Söz söylemenin doğallığı çerçevesinde soluk alma ve duraklama gerekir. Soluksuz ve duraklamasız bir konuşma monotonluk kadar anlaşılabilme eksikliği de doğurur. Her cümle kendi içinde bir anlam bütünlüğü taşır. Bu anlam bütünlüklerinin açıkça
birbirinden ayrılması ve birbiriyle ilişkilendirilmesi gerekir.
Vurgulama:
Vurgu, konuşmanın en önemli ögelerinden biridir. Anlatılmak ya da özellikle belirtilmek istenilen noktalar konuşurken vurgulanırsa, konuşmadaki önemli
bölümlerin dinleyiciler tarafından da anlaşılması kolaylaşacaktır. Duygularımızı daha iyi canlandırabilmek, düşüncelerimizin daha kolay anlaşılmasını sağlamak,
dinleyicileri etkileyebilmek için, konuşmalarımızda sesimiz yer yer alçalır, yükselir.

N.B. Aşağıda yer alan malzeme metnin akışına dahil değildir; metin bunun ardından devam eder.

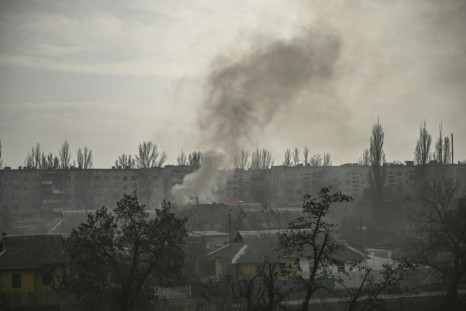 Smoke rising over the town of Chasiv Yar, near Bakhmut, after Russian shelling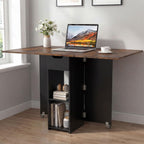 GOFLAME Drop Leaf Dining Table for 2-4, Folding Kitchen Table with Open Shelves & Drawer, Lockable Wheels, Space Saving Extendable Table for Dining Room, Living Room, Small Space, Rustic Brown & Black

Vurgu, iki ya da daha çok heceli sözcüklerde bazı hecelerin, cümlelerde ise bazı
sözcük ya da sözcük gruplarının ötekilerden daha baskılı ve daha belirgin söylenişidir (Parlakyıldız, 2001:52).
Toplumda saygın bir kişiliğe sahip olabilmek için, insanlarla kurulan iletişimde uyulması gereken bazı kurallar vardır. Bunların başında, topluluk karşısında ya da her hangi bir kişiyle yapılan konuşmalarda, anlatılanların açık, anlaşılır, inandırıcı ve etkileyici olması gerekir. Konuşmacı, ifadeleriyle karsısındakine güven vermelidir. Bu nedenle güzel ve etkili konuşma ilkelerini hayatın her alanında kurulan ilişkilerde uygulamak gerekmektedir. Güzel ve etkili konuşma ilkeleri aşağıdaki gibi sıralanabilir (Dervişoğlu, 2004:18-21):
• Doğru ve güzel konuşmanın ilk şartı dinlemesini bilmektir.
• Konuşmanın bir planı olmalı, konuşma sağlam ve sistemli bir fikre dayanmalıdır.
• Konuşmanın bir konusu olmalı ve konu, seslenilecek kişi/kişilere uygun nitelikte olmalıdır.
• Konuşmanın amacı olmalıdır.
• Konuşma planlanırken dikkat çekici ögelerle donatılmalıdır.
• Konuşma ne bıktıracak kadar yavaş, ne de anlaşılmayacak kadar hızlı olmalıdır.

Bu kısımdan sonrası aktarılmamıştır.